> **Data for this exercise**
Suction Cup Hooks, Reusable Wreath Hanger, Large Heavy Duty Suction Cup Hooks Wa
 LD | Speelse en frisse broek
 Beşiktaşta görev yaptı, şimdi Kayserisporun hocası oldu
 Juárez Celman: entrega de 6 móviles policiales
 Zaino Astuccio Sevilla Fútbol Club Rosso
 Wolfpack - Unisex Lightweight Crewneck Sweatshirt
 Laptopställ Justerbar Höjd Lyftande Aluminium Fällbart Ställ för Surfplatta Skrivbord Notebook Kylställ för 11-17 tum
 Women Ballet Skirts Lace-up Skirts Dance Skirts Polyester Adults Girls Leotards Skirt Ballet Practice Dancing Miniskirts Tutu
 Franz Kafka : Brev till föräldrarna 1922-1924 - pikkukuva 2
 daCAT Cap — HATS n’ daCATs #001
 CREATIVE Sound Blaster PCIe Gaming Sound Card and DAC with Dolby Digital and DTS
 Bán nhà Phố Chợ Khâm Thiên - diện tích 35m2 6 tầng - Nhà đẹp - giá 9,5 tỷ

> **What is required**
Output every line above so that it reads exactly as before.

> **Exercise response**
Suction Cup Hooks, Reusable Wreath Hanger, Large Heavy Duty Suction Cup Hooks Wa
 LD | Speelse en frisse broek
 Beşiktaşta görev yaptı, şimdi Kayserisporun hocası oldu
 Juárez Celman: entrega de 6 móviles policiales
 Zaino Astuccio Sevilla Fútbol Club Rosso
 Wolfpack - Unisex Lightweight Crewneck Sweatshirt
 Laptopställ Justerbar Höjd Lyftande Aluminium Fällbart Ställ för Surfplatta Skrivbord Notebook Kylställ för 11-17 tum
 Women Ballet Skirts Lace-up Skirts Dance Skirts Polyester Adults Girls Leotards Skirt Ballet Practice Dancing Miniskirts Tutu
 Franz Kafka : Brev till föräldrarna 1922-1924 - pikkukuva 2
 daCAT Cap — HATS n’ daCATs #001
 CREATIVE Sound Blaster PCIe Gaming Sound Card and DAC with Dolby Digital and DTS
 Bán nhà Phố Chợ Khâm Thiên - diện tích 35m2 6 tầng - Nhà đẹp - giá 9,5 tỷ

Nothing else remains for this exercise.